Instructions for the task → When you copy the listing, reproduce each line as it appears and omit every image.
··· Data extracts
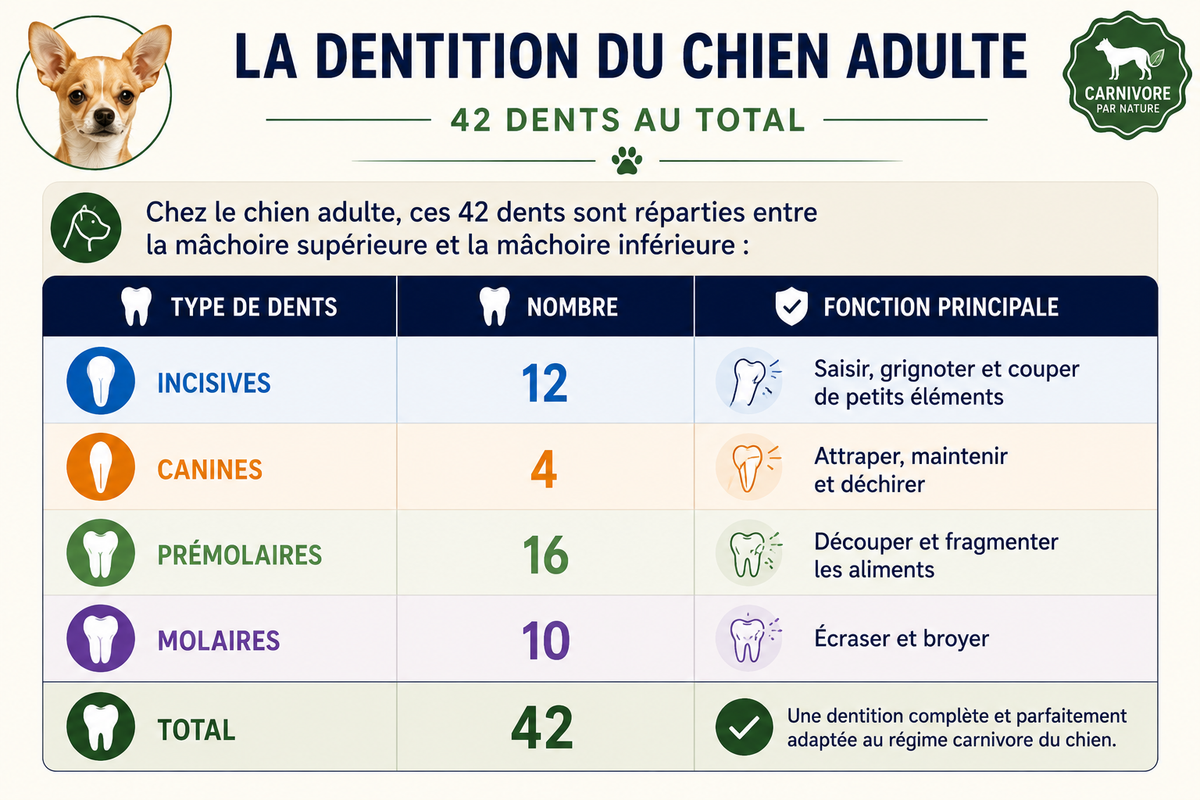 Infographie de la dentition du chien adulte : 42 dents réparties en 12 incisives, 4 canines, 16 prémolaires et 10 molaires.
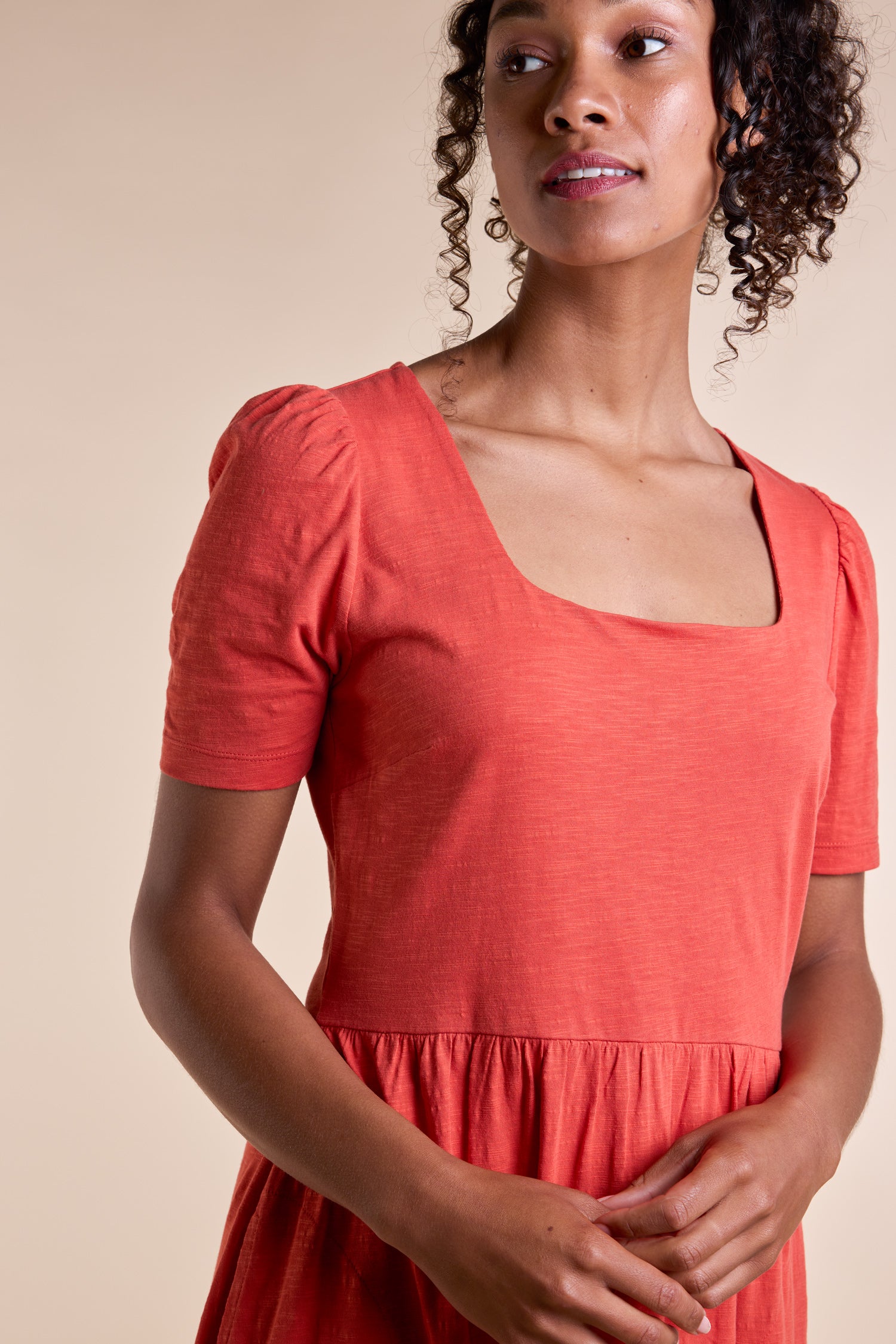 Nomads Cotton Slub Dress ~ Pansy or Tangerine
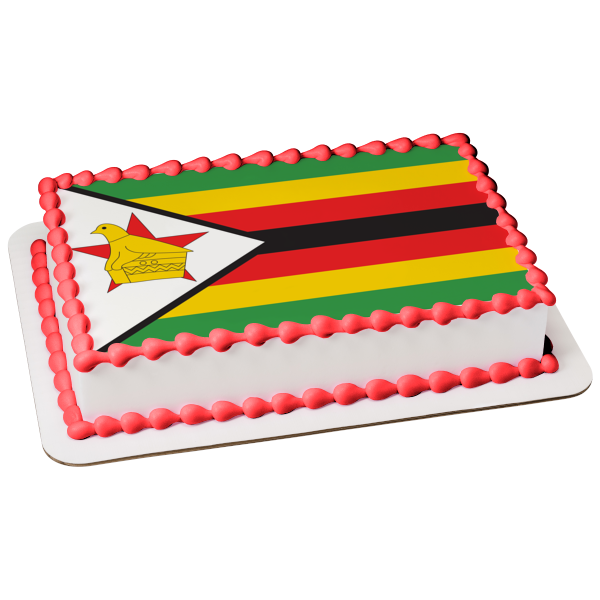 Flag of Zimbabwe Green Yellow Red Black Stripes Zimbabwe Bird Edible Cake Topper Image ABPID06969 For Cheap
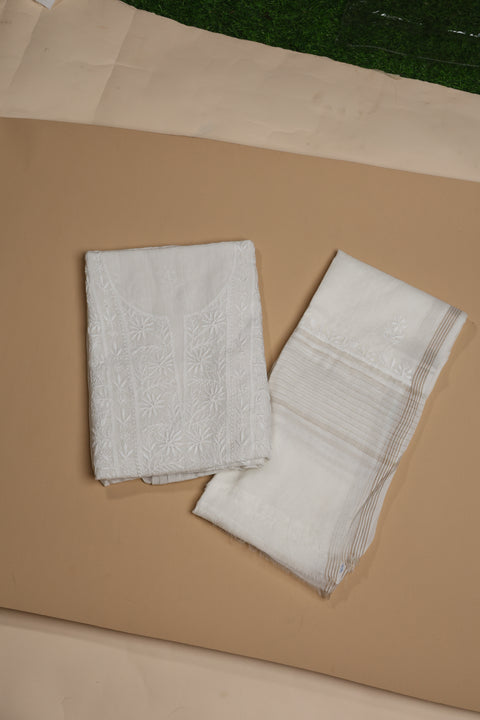 Hand- embroidered Mul Chanderi Chikankari Kurta and Dupatta (Set of 2)- Unstitched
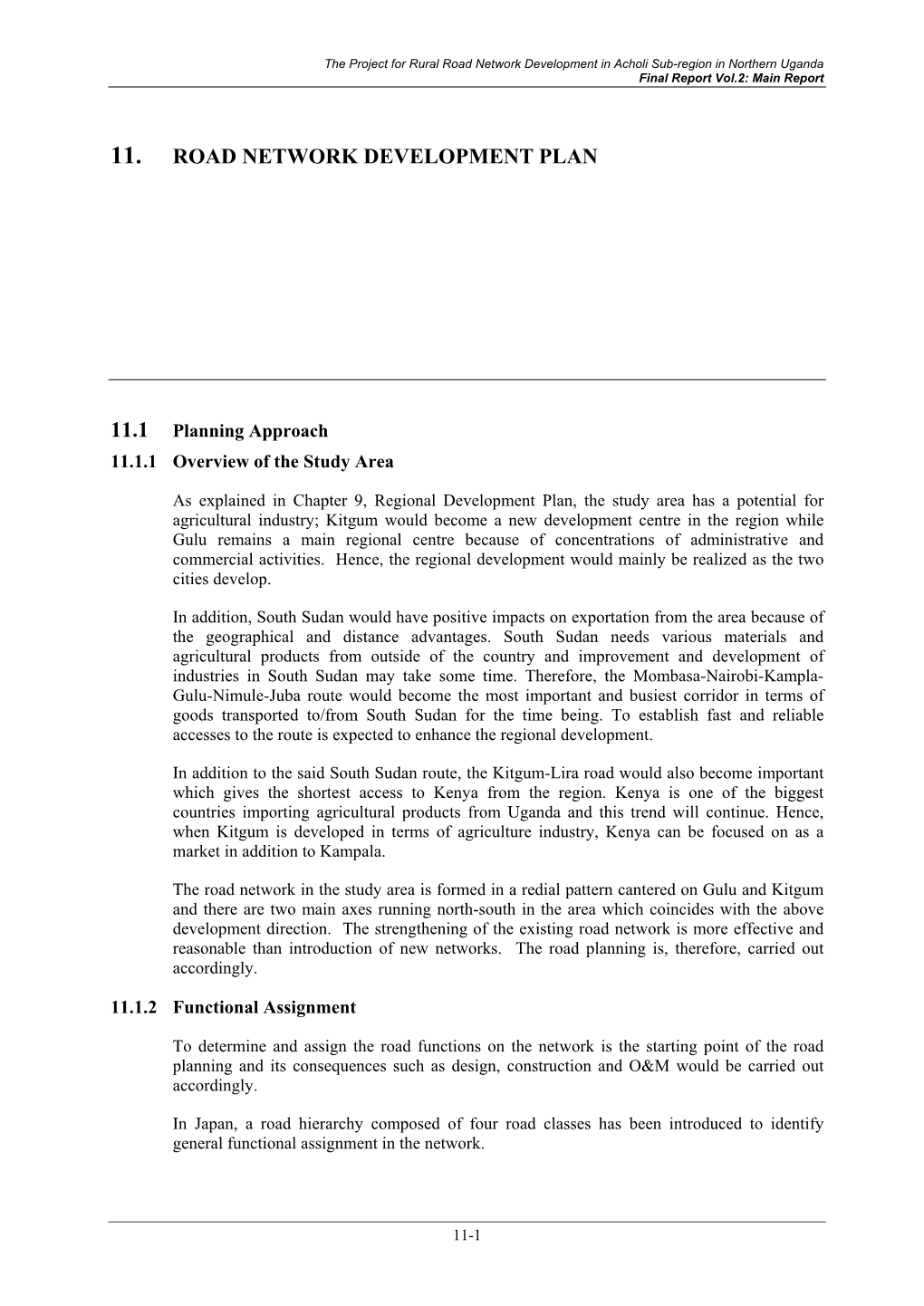 11. Road Network Development Plan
······
Finished task →
 Infographie de la dentition du chien adulte : 42 dents réparties en 12 incisives, 4 canines, 16 prémolaires et 10 molaires.
 Nomads Cotton Slub Dress ~ Pansy or Tangerine
 Flag of Zimbabwe Green Yellow Red Black Stripes Zimbabwe Bird Edible Cake Topper Image ABPID06969 For Cheap
 Hand- embroidered Mul Chanderi Chikankari Kurta and Dupatta (Set of 2)- Unstitched
 11. Road Network Development Plan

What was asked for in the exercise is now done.